Posted on 01/12/2003 7:06:53 AM PST by GailA

Emptying of death row in Illinois stirs outrage Action by governor inflames prosecutors, survivors of victims

By DON BABWIN, Associated Press January 12, 2003

CHICAGO - Calling the death penalty process "as capricious and arbitrary as who gets hit by a bolt of lightning," Republican Gov. George Ryan announced Saturday he was clearing Illinois' death row by commuting the death sentences of 156 condemned inmates, a move on a scale unprecedented in U.S. history.

Ryan's action, just two days before he leaves office, drew immediate angry reaction from prosecutors, the incoming governor and relatives of some of the victims.

Ryan said he sympathizes with the families of the men, women and children who were murdered, but he felt he had to act.

"I am not prepared to take the risk that we may execute an innocent person," he wrote in an overnight letter to the victims' families warning them of what he planned.

"Our capital system is haunted by the demon of error - error in determining guilt and error in determining who among the guilty deserves to die," Ryan said Saturday. "What effect was race having? What effect was poverty having?

"Because of all these reasons, today I am commuting the sentences of all death-row inmates."

All but three of the 156 inmates will now serve life in prison without possibility of parole. The three will get shorter sentences and could eventually be released from prison, though none will get out immediately.

Ryan had halted all executions in the state nearly three years earlier after courts found that 13 Illinois death-row inmates had been wrongly convicted since capital punishment resumed in 1977 - a period when 12 other inmates were executed.

He said studies conducted since that moratorium was issued had only raised more questions about the how the death penalty is imposed. He cited problems with trials, sentencing, the appeals process and the state's "spectacular failure" to reform the system.

"Because the Illinois death penalty system is arbitrary and capricious - and therefore immoral - I no longer shall tinker with the machinery of death," he said.

Other governors have issued similar moratoriums and commutations but nothing on the scale of what Ryan announced.

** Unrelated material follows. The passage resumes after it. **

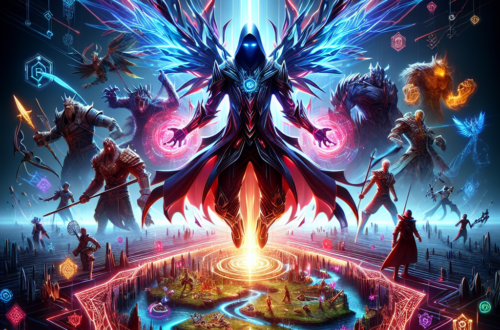 Immortal Mobile Legend: The Rise of an Unstoppable Force in Gaming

"The only other thing that would match what he's done is in 1972 (when) the U.S. Supreme Court overturned the death penalty and 600 death sentences were reduced to life with that decision," said Richard Dieter, executive director of the Death Penalty Information Center.

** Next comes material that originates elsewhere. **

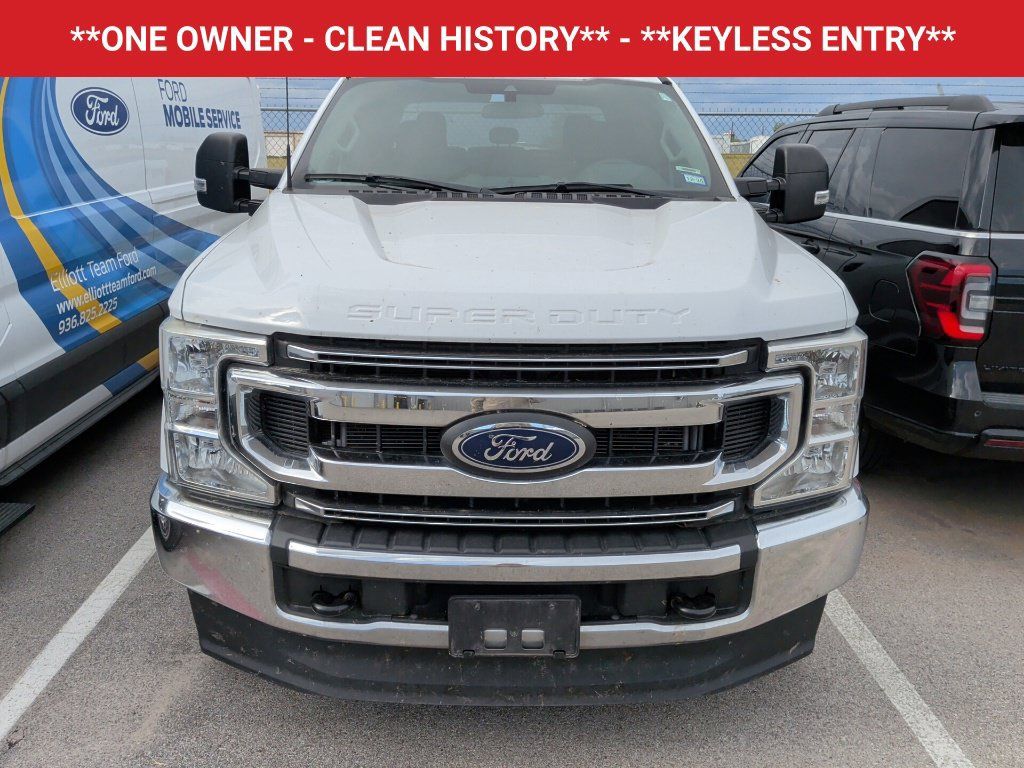 Used 2022 Ford F250 XL w/ STX Appearance Package AWD/4WD image 2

The most recent blanket clemency came in 1986 when the governor of New Mexico commuted the death sentences of the state's five death-row inmates.

Maryland Gov. Parris Glendening, who last year issued the country's only other moratorium on state executions, has no plans to pardon or commute the sentences of any death-row inmate before leaving office Wednesday, spokesman Chuck Porcari said.

Ryan chose Northwestern University - where journalism students investigating Illinois death-row cases helped exonerate some inmates - to publicly announce that he was commuting the 156 death sentences.

Corrections Department spokesman Sergio Molina said Ryan had signed commutation orders for 167 people - 156 on death row and the others in jails awaiting hearings or sentencings for other crimes.

Within a week the department will start moving prisoners out of the state's two condemned units" and into the general population of maximum-security prisons, Molina said.

Vern Fueling, whose son William was shot and killed in 1985 by a man now on death row, was outraged that the killer will be allowed to live.

"My son is in the ground for 17 years, and justice is not done," Fueling said. "This is like a mockery."

Incoming Gov. Rod Blagojevich, a Democrat, also criticized Ryan's action, calling blanket clemency "a big mistake." Each case should be reviewed individually, Blagojevich said. "You're talking about people who've committed murder."

Ryan on Friday went a step farther in four other death-row cases, issuing pardons for four men he said had been tortured by police into making false confessions.

A few hours later, Aaron Patterson, 38, walked out of prison a free man and ate his first steak dinner in 17 years, while Madison Hobley and Leroy Orange spent time with their families.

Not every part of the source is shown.